The woman nodded her agreement.
 
THE FLAT WAS A TYPICAL LONDON LODGING, A SMALL apartment in the basement of a four-story building. At the basement and ground level, the brick had been faced over with stone, which had been freshly painted white. A wrought-iron fence running along the front was also freshly painted. There was a gate in the fence opening onto a short flight of stairs that angled downward from the sidewalk. They ended at a blue door with a brass knocker, the entrance to the apartment.
At that time, Beever did not know enough about the two inhabitants to appreciate the ironies of the location. Diagonally across from the flat was a narrow street which deadended into Gloucester Place. It was called Salisbury Place. Salisbury, Rhodesia, is where Elizabeth Haysom had been born. A five-minute walk away was Marylebone Station, a terminus for trains to the Chilterns, including the town of High Wycombe. A person making the journey between High Wycombe and London with any frequency undoubtedly would be familiar with that section of the city.

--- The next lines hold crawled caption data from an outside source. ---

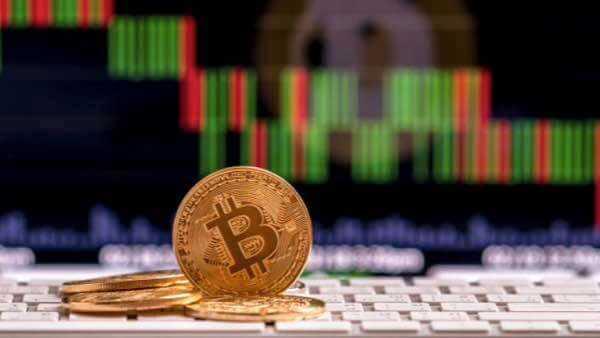 Bitcoin BTC/USD прогноз на сегодня 28 октября 2019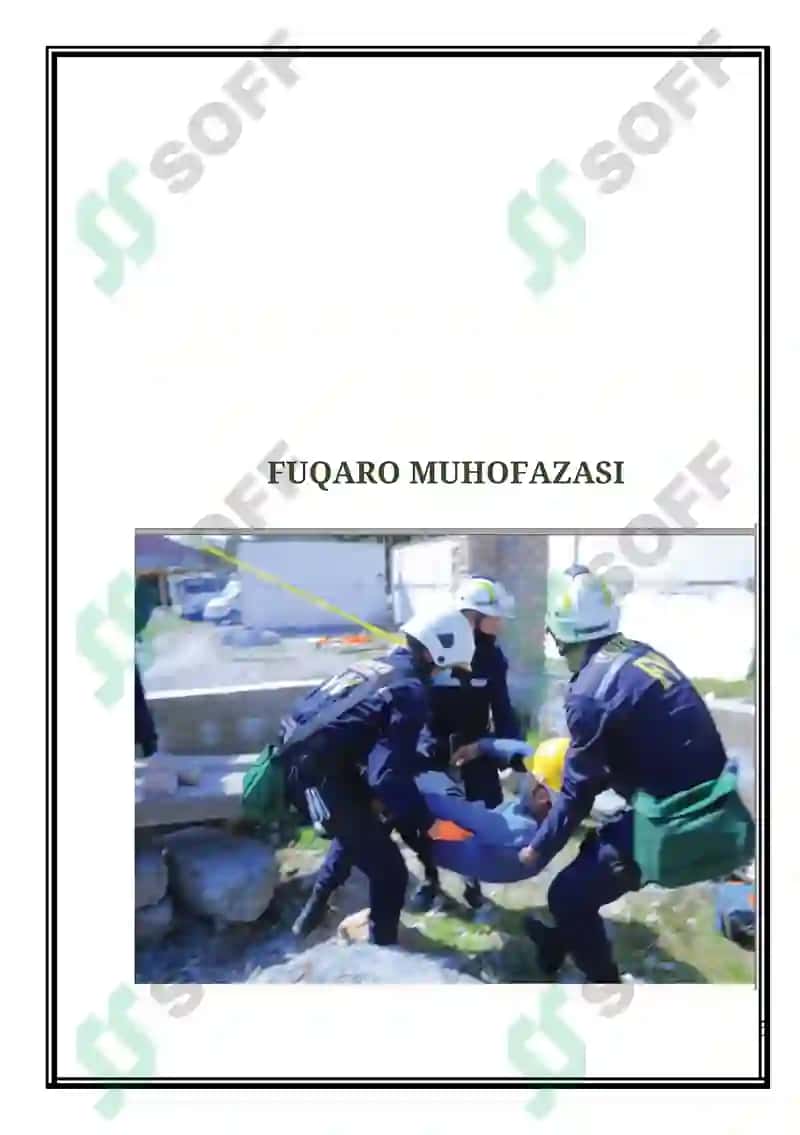 "Fuqaro muhofazasi" 5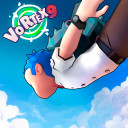 بازی Vortex 9 online shooting games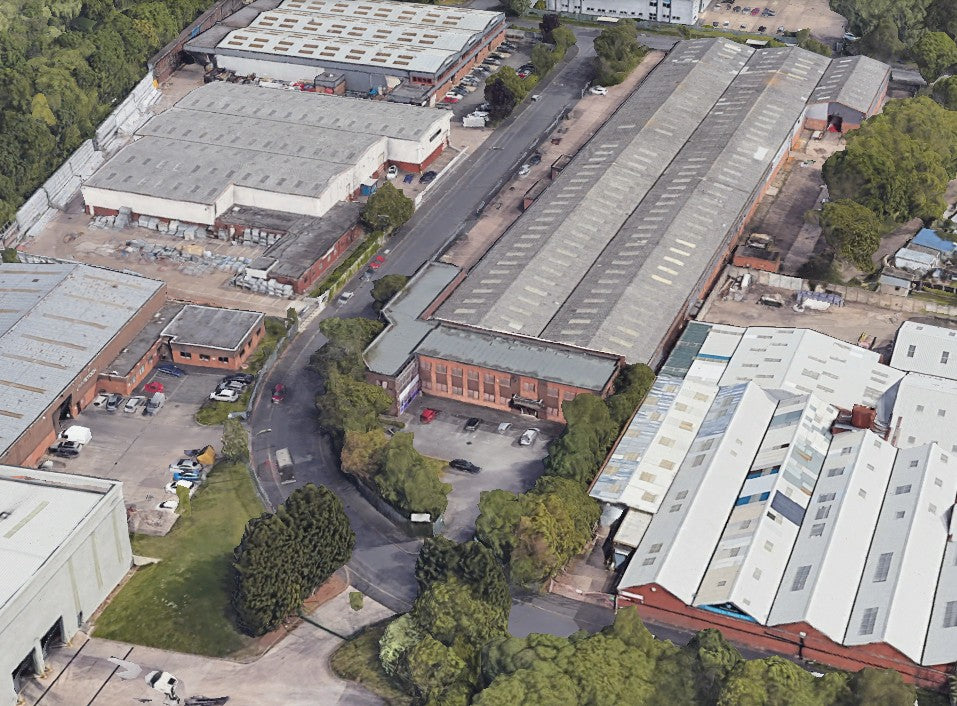 Tansun Sunbeds Factory, Tansun Sunbeds UK Factory, Tansun Sunbeds West Bromwich Factory, Tansun Sunbeds West Midlands Factory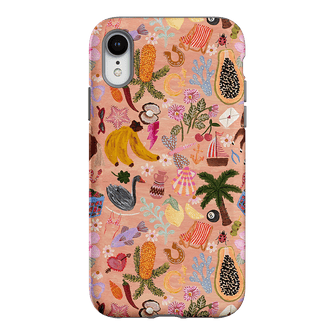Holiday Charms Printed Phone Cases by Amy Gibbs - The Dairy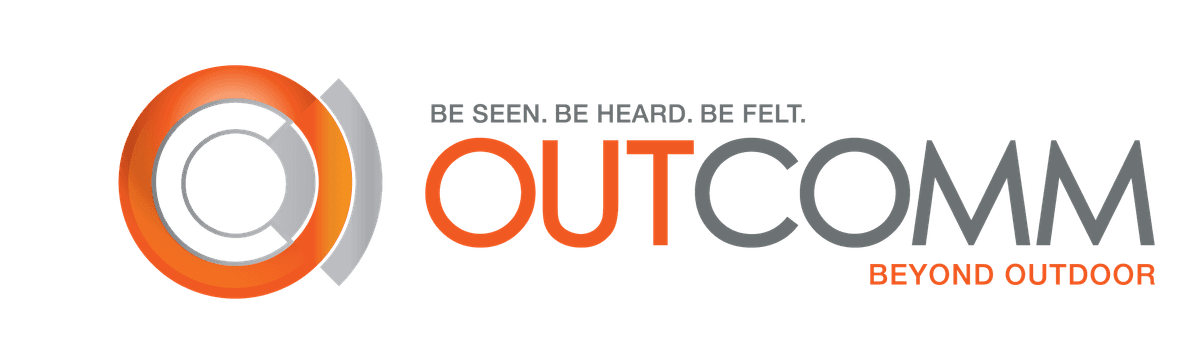 Outcomm Logo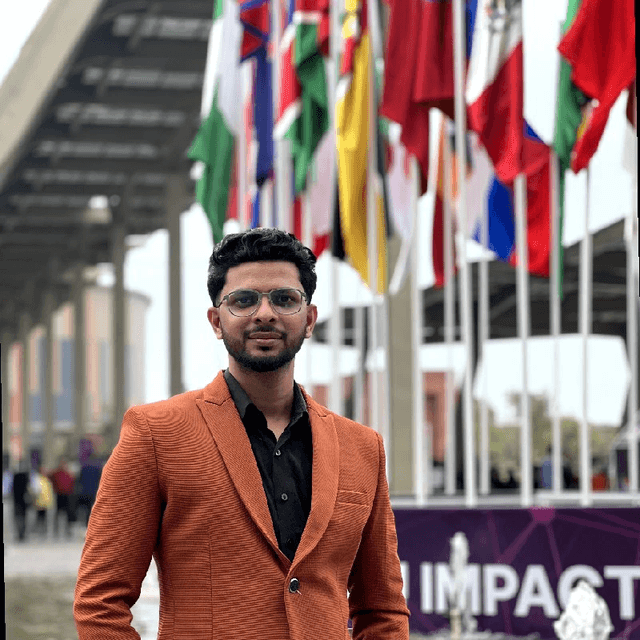 Sahil Chandel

Standing in front of the flat on Gloucester Place, Marylebone Station was to the left. Also to the left, a short walk
away, was the Edgware Road underground station, which also is on the District Line. Someone so inclined could get on a train at the Edgware station, ride two stops to High Street Kensington, where there is a Marks & Spencer, get back on the train and ride to the end of the line at Richmond.
“How long’ve you been here?” Beever asked as the man fumbled with his key.

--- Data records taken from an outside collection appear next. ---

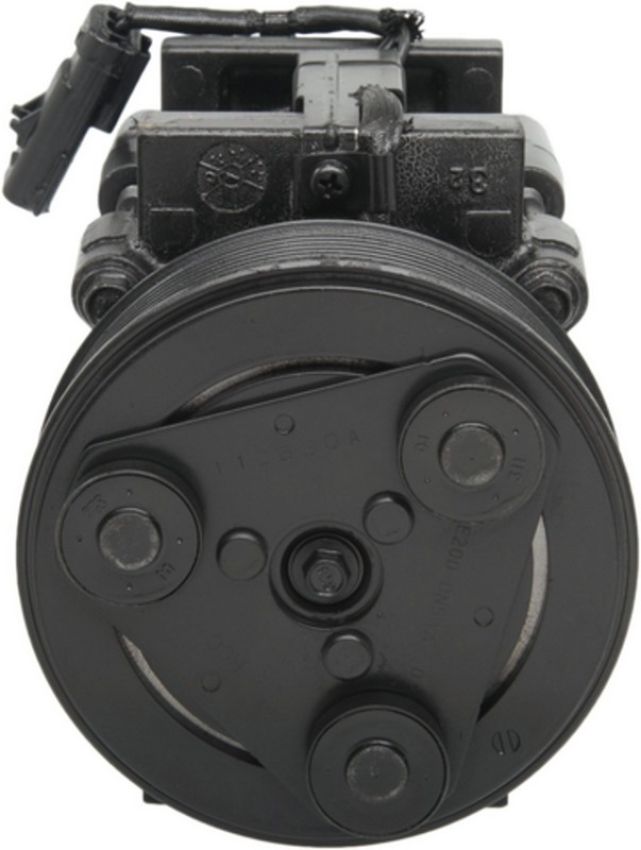 Four Seasons 67182 Ford HS18 Reman Compressor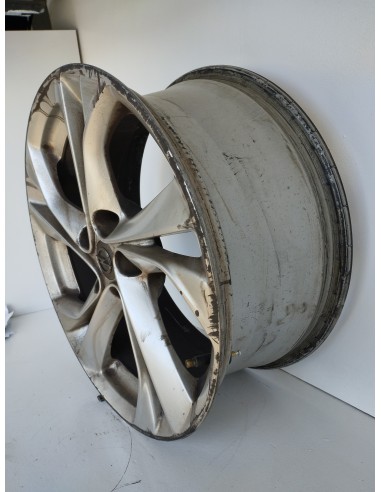 Recambio de llanta para opel astra k lim. 5türig dynamic referencia OEM IAM 13409657  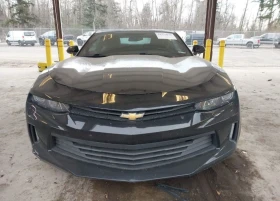 Chevrolet Camaro  1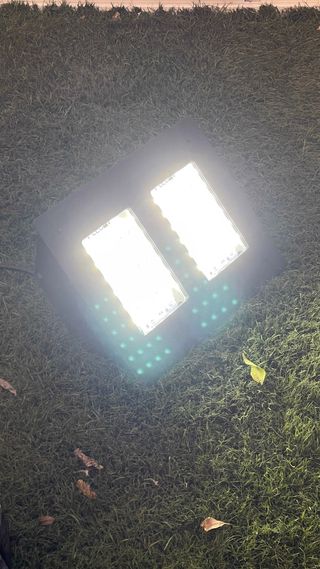 4 Focos LED Industrial LEC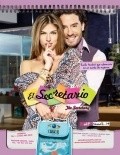 TV series El secretario poster
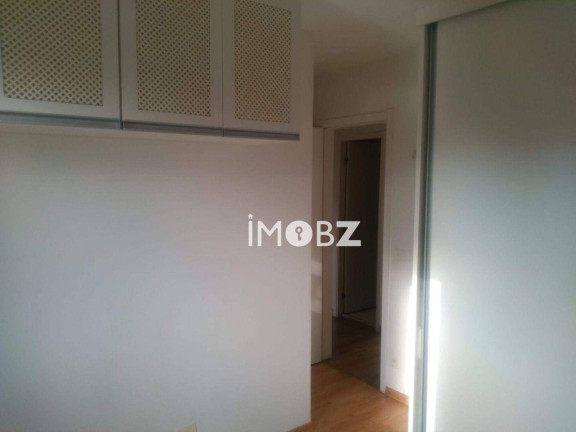 Imagem Imóvel com 3 Quartos à Venda, 62 m² em Vila Andrade - São Paulo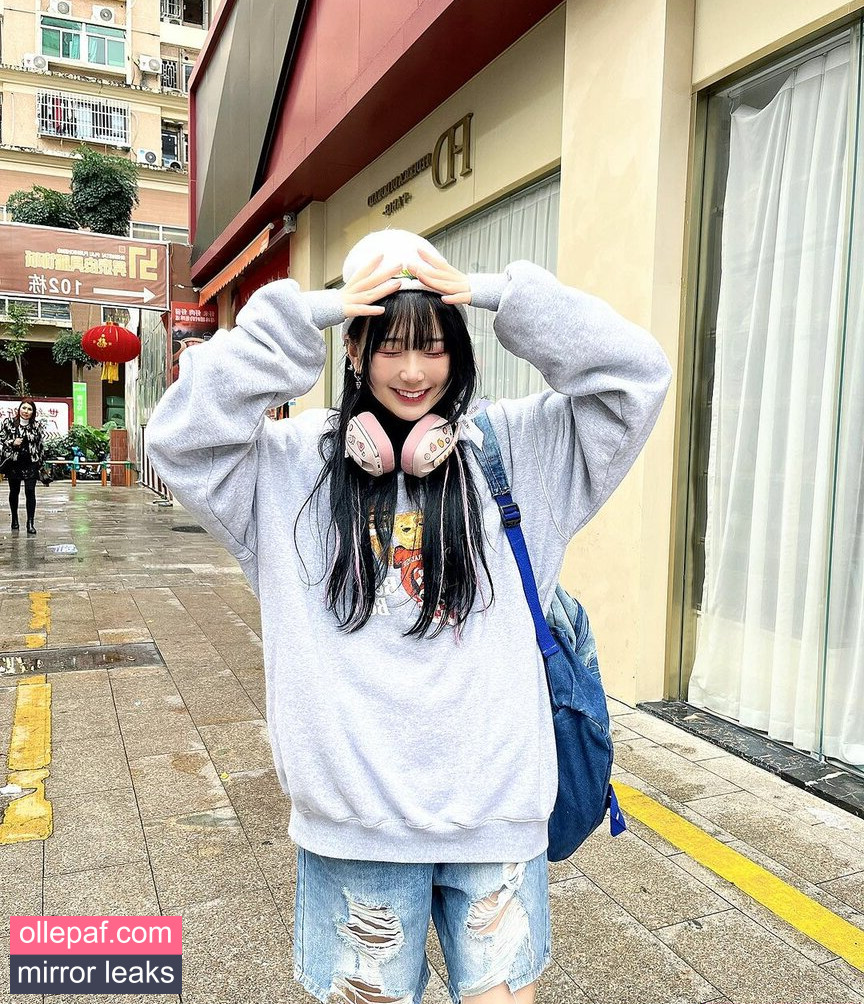 Latest Leaks Akaei Ray Nude #51 - Fapello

“About a week,” he said. “We were staying in a B&B, but the place was infested with crabs. We got the hell out of there and gave away our clothes.”
Opening the door, he waved them in. Beever and Wright took one step into the apartment and stopped cold. Spread around the room, covering most of the floor space, were green shopping bags.

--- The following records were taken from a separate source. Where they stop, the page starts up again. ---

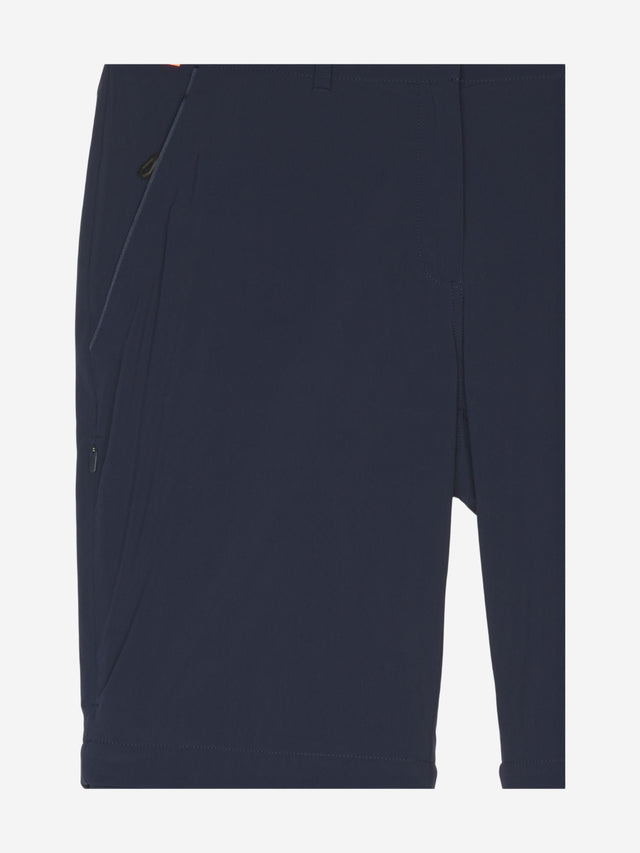 Zip Off Hose für Damen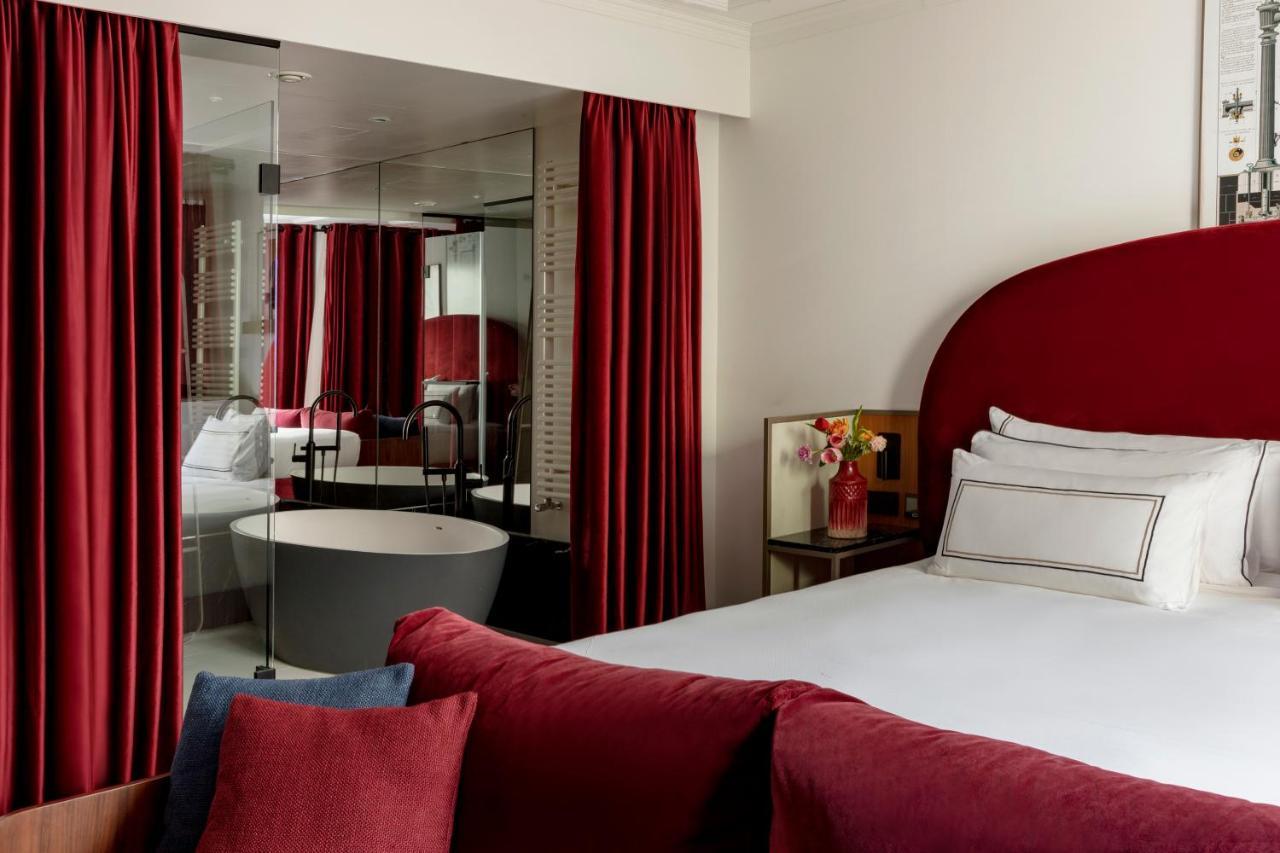 Hotel Marquis Member Of Melia Collection - Champs-elysees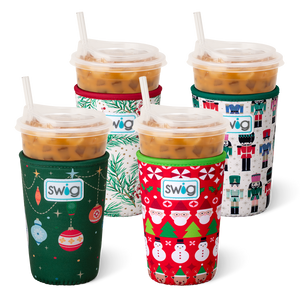 Tis the Season Iced Cup Coolie Bundle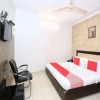 Отель OYO 11906 Hotel Star Welcome, фото 21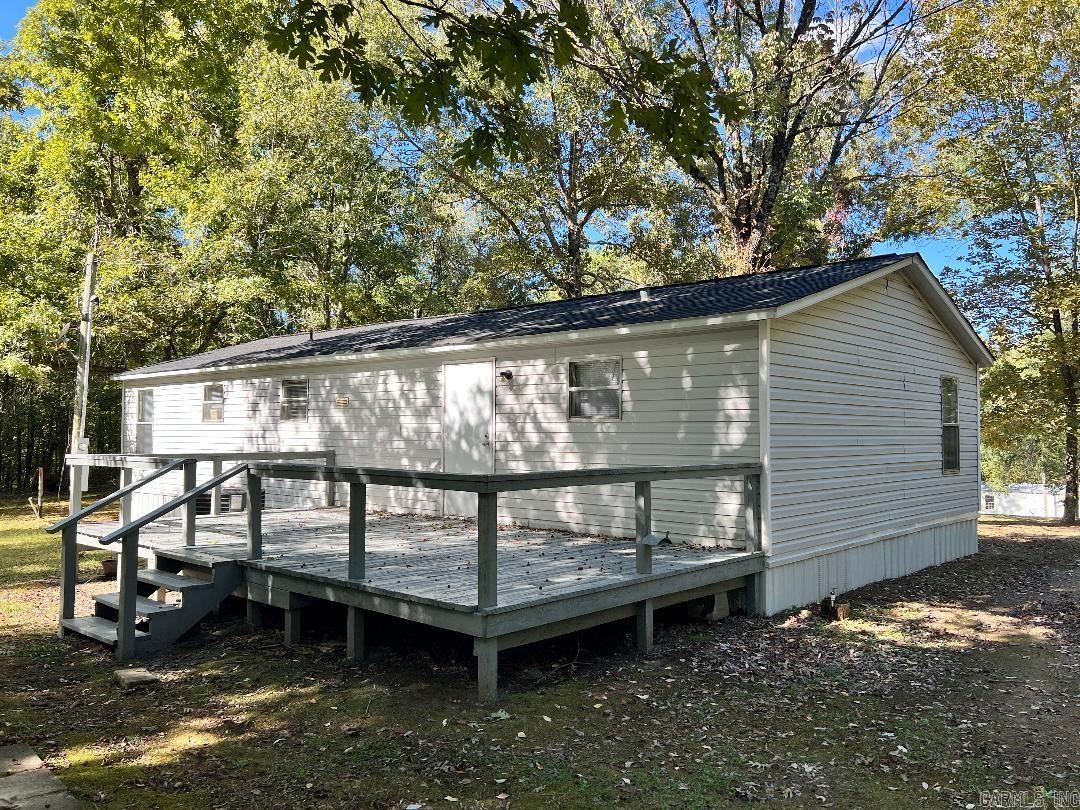 Dogwood Hills - Residential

Wright whistled. “I guess you do favor Marks & Spencer,” he laughed, starting to count. There were thirty-two bags, each containing almost exactly £50 worth of clothing. Each bag also was labeled with a neatly printed card identifying the merchandise inside the bag, when it was purchased, and from which store. In addition, the labels noted what the two had been wearing when they shopped at that particular store.
“Hey, Terry,” Beever called from across the room, “come have a look at this.” He was standing over the bed. On the coverlet was a hat, a wig, and a document that looked like a diary. Wright looked at the wig, then at the man. Then he strode angrily across the room. “Take that damn thing off,” he said, reaching up and grabbing the man’s mustache. With a flick of his wrist, he ripped it off. The man’s eyes watered, but he said nothing.
“Here’s some more goodies,” Beever called, peering into a drawer in chest. Inside was a stack of bankbooks, mostly from rural branch banks. Each book had a different name. There was also a pile of identification cards with names matching those on the bankbooks. In the back of the drawer was a thick leather wallet, which Beever lifted out and opened. Inside was a West German passport with the man’s
picture inside the front cover. The name on the document was Jens Soering. Also in the wallet was a stack of British currency. Carefully, Beever counted it out. Now it was his turn to whistle. “Almost E800,” he said. “That’s a lot of money. Where did it come from?”